The 21st session of the Conference of the Parties (COP21) of the United Nations Framework Convention on Climate Change (UNFCCC) was held in Paris in November and December 2015. 195 participating countries negotiated and adopted the Paris Agreement, which includes objectives to peak greenhouse gas emissions as soon as possible, to limit the global average temperature increase above pre-industrial levels to well below 2 C, and to pursue efforts to limit the increase to 1.5 C.
The Paris Agreement, which entered into force on 4 November 2016, requires Parties to put forward their best efforts through “nationally determined contributions” (NDCs). These NDCs represent targets and actions for the post-2020 period.
Nigeria’s updated NDC reflects higher ambition, higher quality, and higher national buy-in. In terms of the numbers, the updated NDC:
- Updates baseline business as usual (BAU) projections, using more accurate and recent economic growth projections.

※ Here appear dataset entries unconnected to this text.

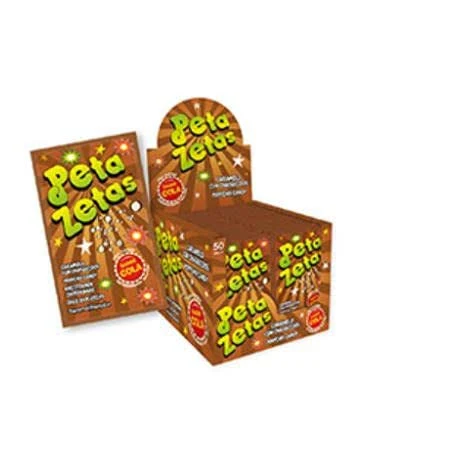 Peta Zetas sabor Cola caramelo explosivo sobre 7 gr.
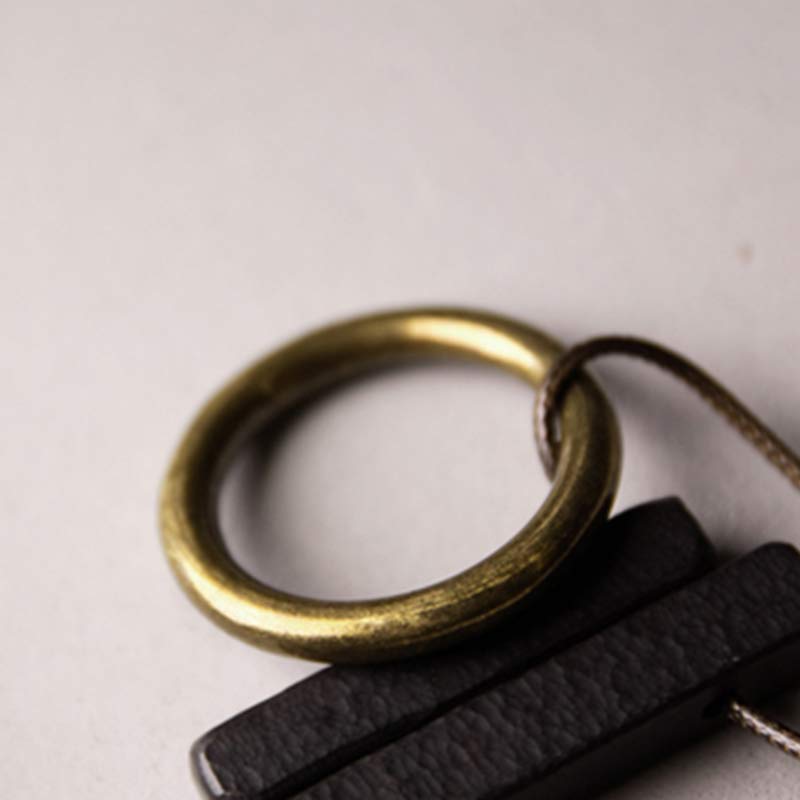 Buddha Stones禅サークル黒檀悟りのネックレスペンダント - image 8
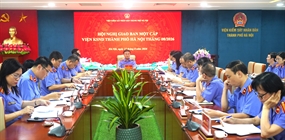 VKSND thành phố Hà Nội tổ chức Hội nghị giao ban một cấp...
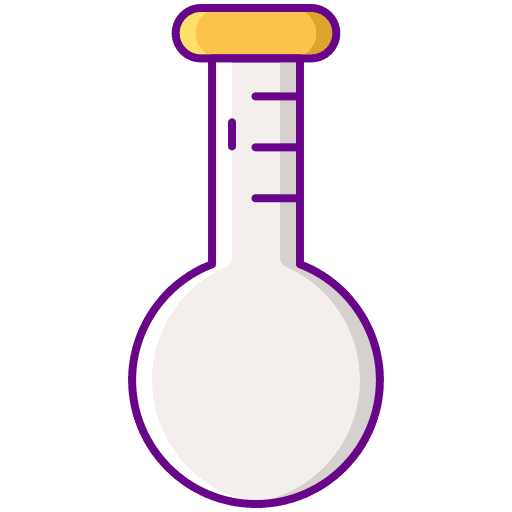 Volumetric flask science flask laboratory icon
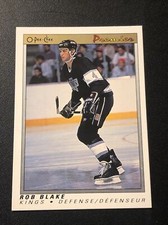 1990-91 O-Pee-Chee Premier Rob Blake #6 Rookie RC HOF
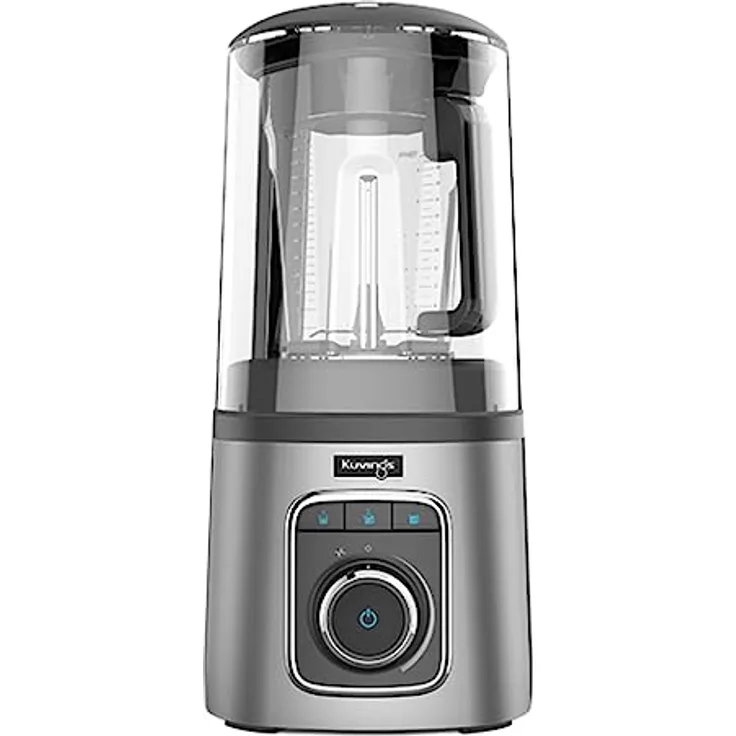 Kuvings SV500 Vakuum-Standmixer, hohe Leistung, 1500 W, 32000 U/min, Grau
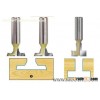 T Slatwall Channel CNC Router Cutter Bits for Slat Wall T Slot Cutting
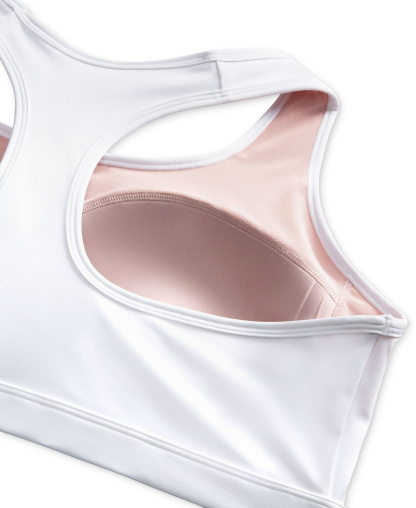 Nike Women's Swoosh Padded Sports Bra - White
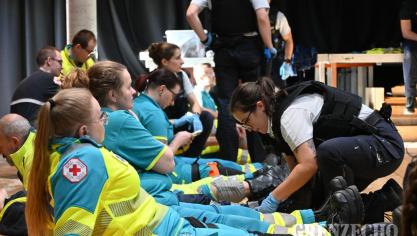 <p>Multidisziplinäre Übung der Eifelpolizei in Worriken</p>
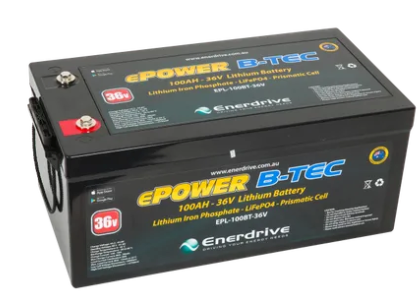 100AMP / 36V LIFEPO4 BATTERY BT EPL-100BT-36V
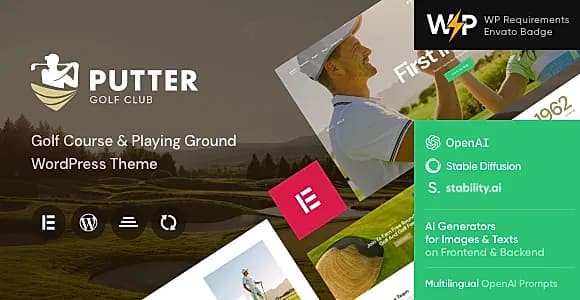 Putter WordPress Theme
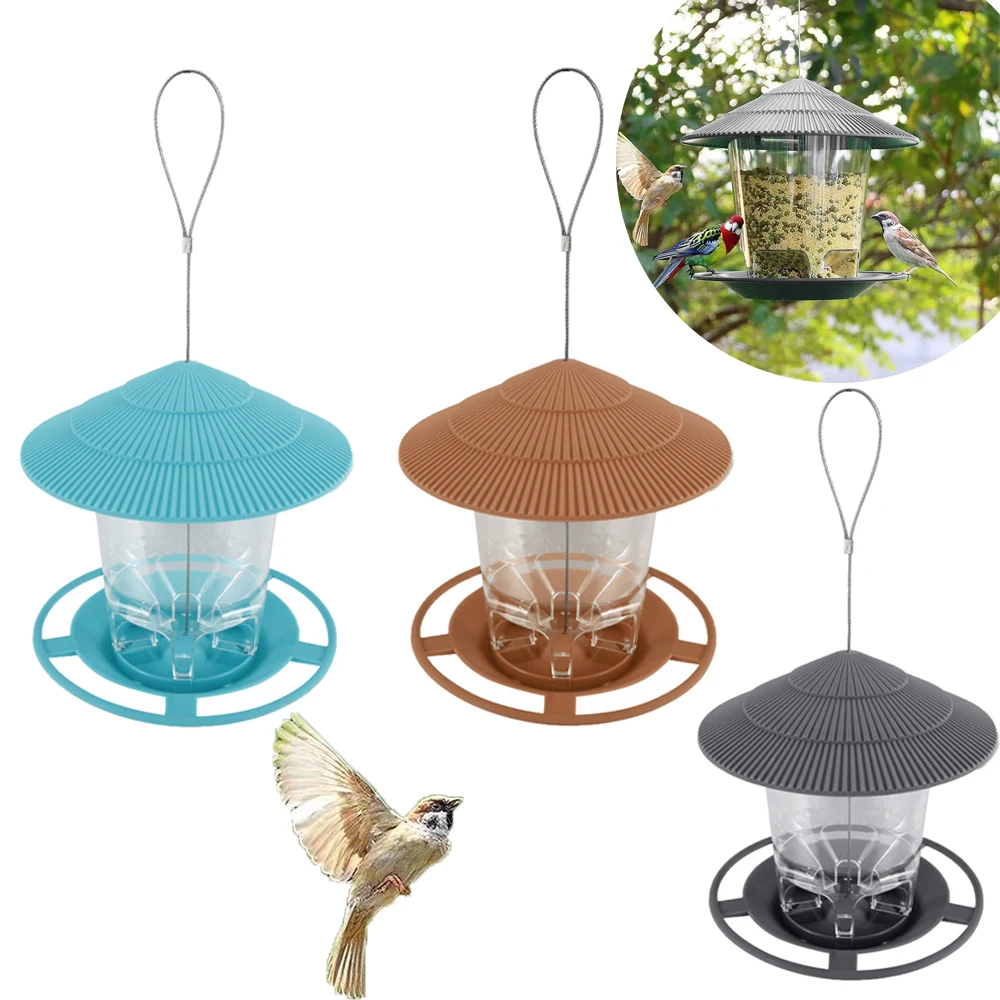Kunststoff Vogel Feeder Hängen Erdnuss Nuss Garten Samen Mehrere Loch Dispenser Halter Outdoor Vogel Feeder Lebensmittel Container Image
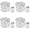 White, variant on YEOLEH Led Fairy Lights Battery Operated String Lights Silver Wire, Total 160FT 480 LED Battery Lights IP65 Waterproof for Xmas Patio Outdoor Room Decor,Warm White,4 Pack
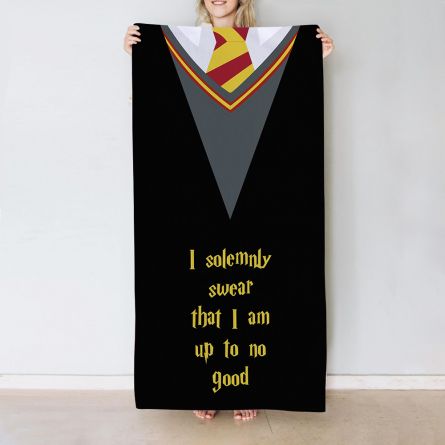 Magische handdoek met 5 tekstregels
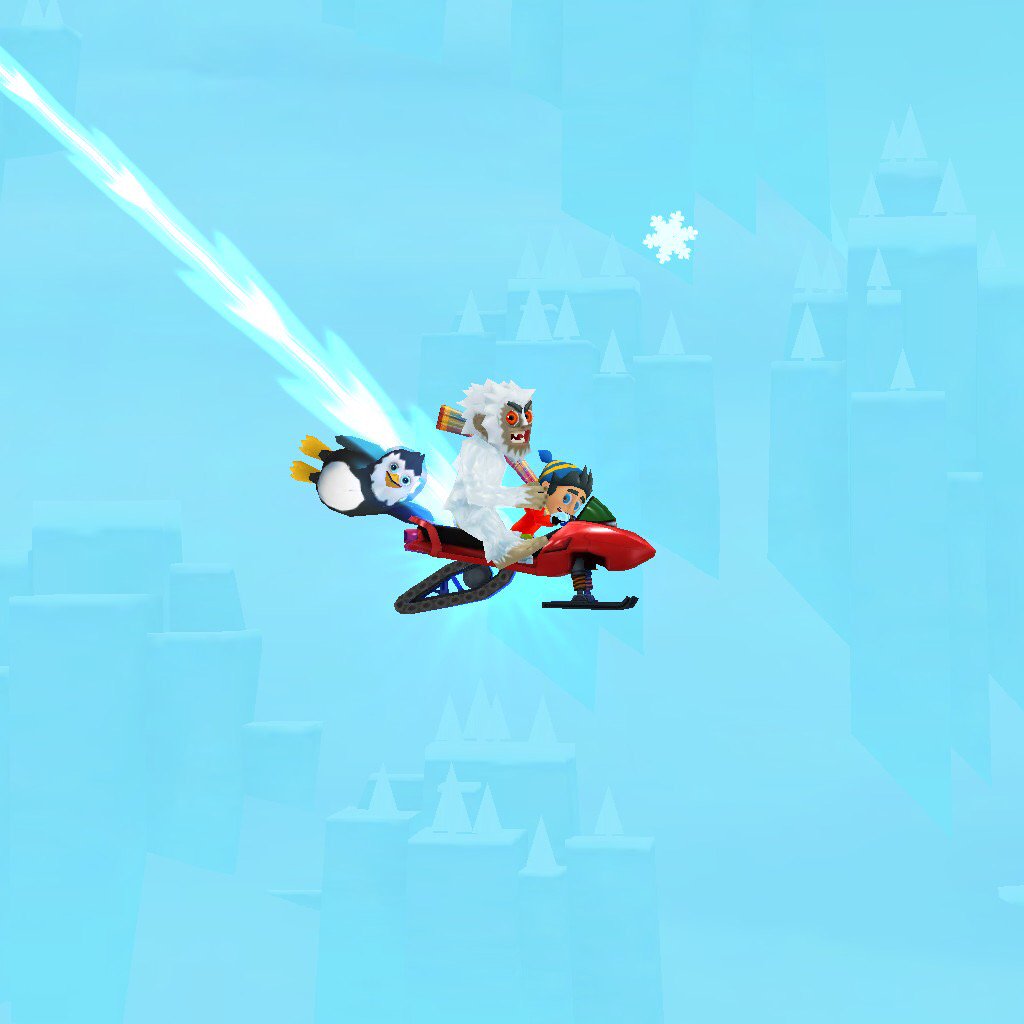 unValentyne's tweet photo. Check out this move I did in #SkiSafari2! https://t.co/t9NlZmJBdg https://t.co/n1BbxIUOLi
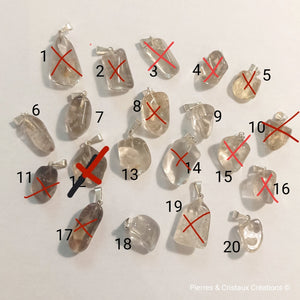 Pendentifs Citrine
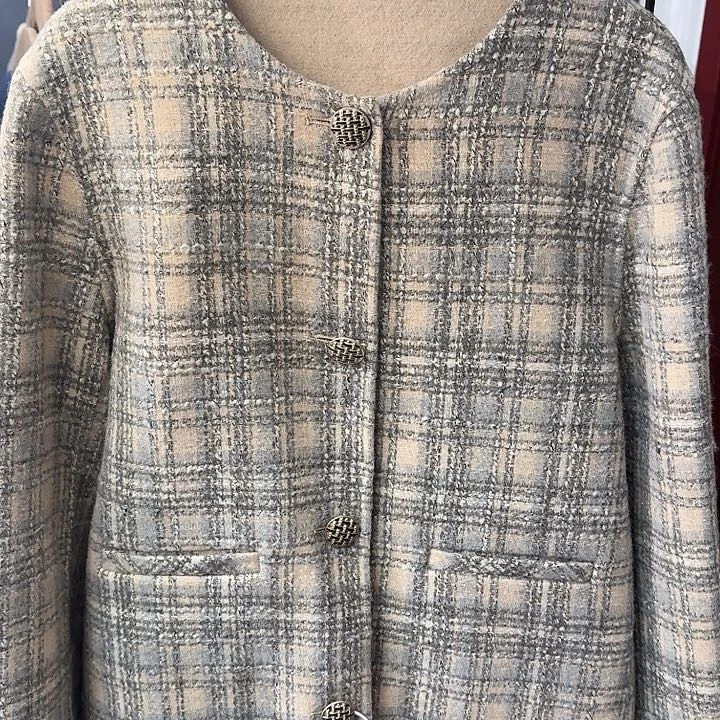 100%纯羊毛小香风穿到125斤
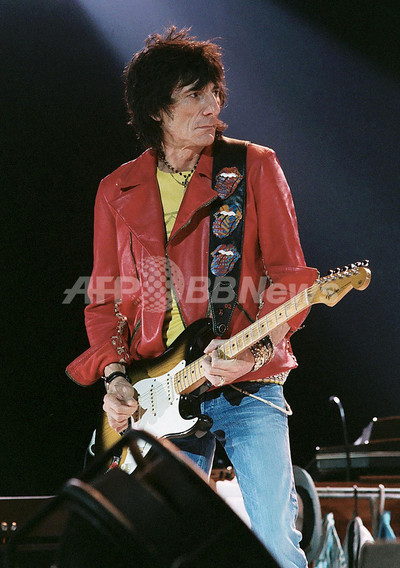 音楽か絵画か？ローリング・ストーンズのロン・ウッド、AFPの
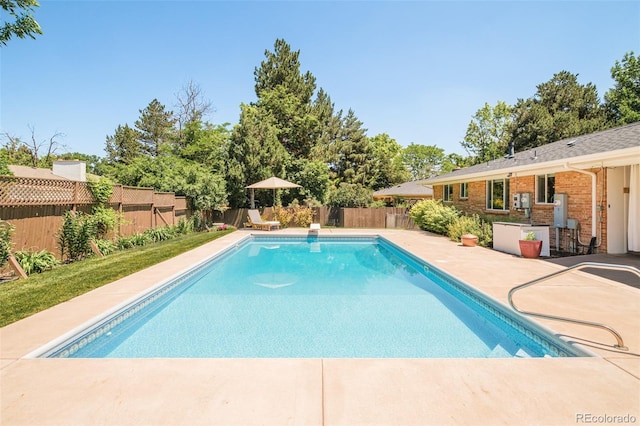 3025 S Norman Ct, Denver, CO 80224 - view of pool featuring a fenced backyard and a patio area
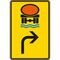  Richtzeichen Verkehrszeichen 442-22 Vorwegweiser f. Fahrzeuge m. wassergefährdender Ladung, rechtsweisend 630x420 mm, Alu 2 mm, RA2 12358977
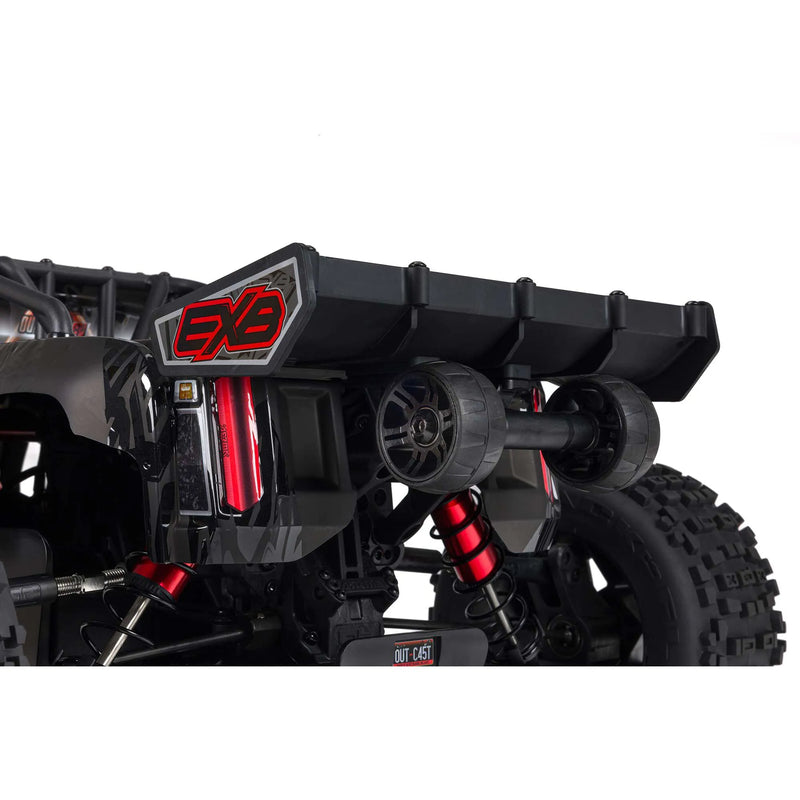 ARRMA OUTCAST EXB 8S 1/5 STUNT MONSTER TRUCK READY TO RUN BLACK REQUIRES BATTERY AND CHARGER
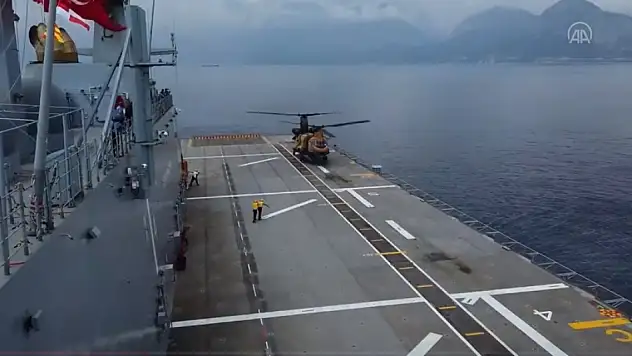 TCG Anadolu eğitim gerçekleştirdi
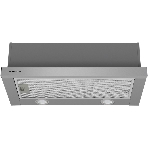 Вытяжка телескопическая HOMSair Flat 50 нержавеющая сталь, 50 см, 520 куб. м/ч, 47 дБ, фото4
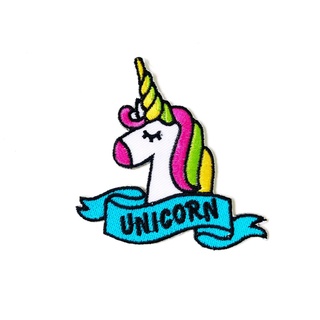 ๊Unicorn ยูนิคอร์น ม้ายูนิคอร์น สีพาสเทล งานน่ารักๆ  ตัวรีดติดเสื้อ ตัวรีด (Size M) อาร์มรีด อาร์มรีดติดเสื้อ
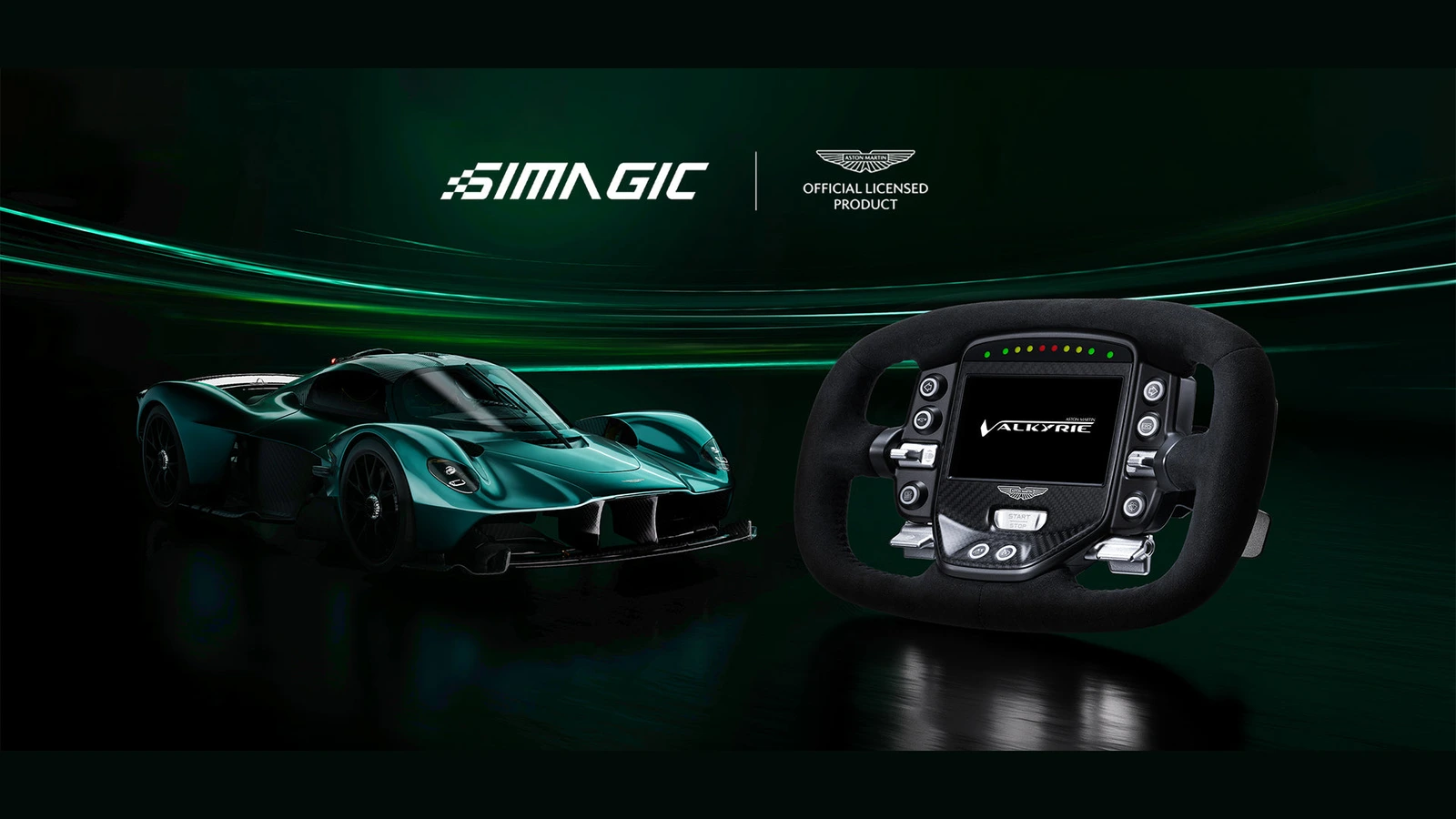 Simagic Reveals Aston Martin Valkyrie Steering Wheel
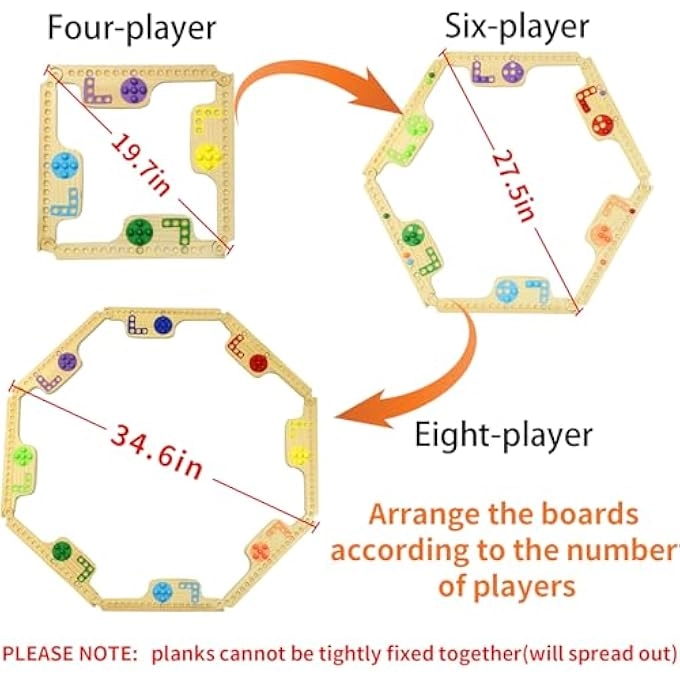 Jokers and Marbles - 8 Solid Wood Boards 40 Marbles 4 Decks of Cards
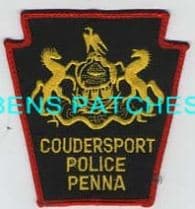 Coudersport Borough Police Department Badge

Estimated BAU 2030 emissions are now at 453 MTCO2e, increasing 31 percent from a 2018 baseline of 347 MTCO2e.
- Raises economy-wide mitigation targets to 47 percent, with 20 percent of emissions unconditional. The updated ambition includes improved reduction projections for the waste sector and new gases, including short lived climate pollutants (SLCPs) and hydrofluorocarbons (HFCs).
With this revised baseline, Nigeria’s updated NDC results in far fewer absolute emissions than were previously submitted in the 2015 NDC—more ambitious as a percentage, consistent with the 1.5°C pathway, and peaking emissions by the end of the decade.
With respect to oil and gas emissions, the revised NDC is significantly stronger than the prior NDC. The revised NDC commits to end flaring by 2030, whereas the prior version committed only to “work towards ending” flaring by 2030. The NDC also commits to reducing fugitive methane emissions from oil and gas operations by 60% by 2031. The NDC reports that fugitive emissions represent 36% of energy sector GHG emissions, which in turn account for 60% of the country’s total GHG emissions. Thus, a 60% reduction would represent about 13% of total GHG emissions for Nigeria.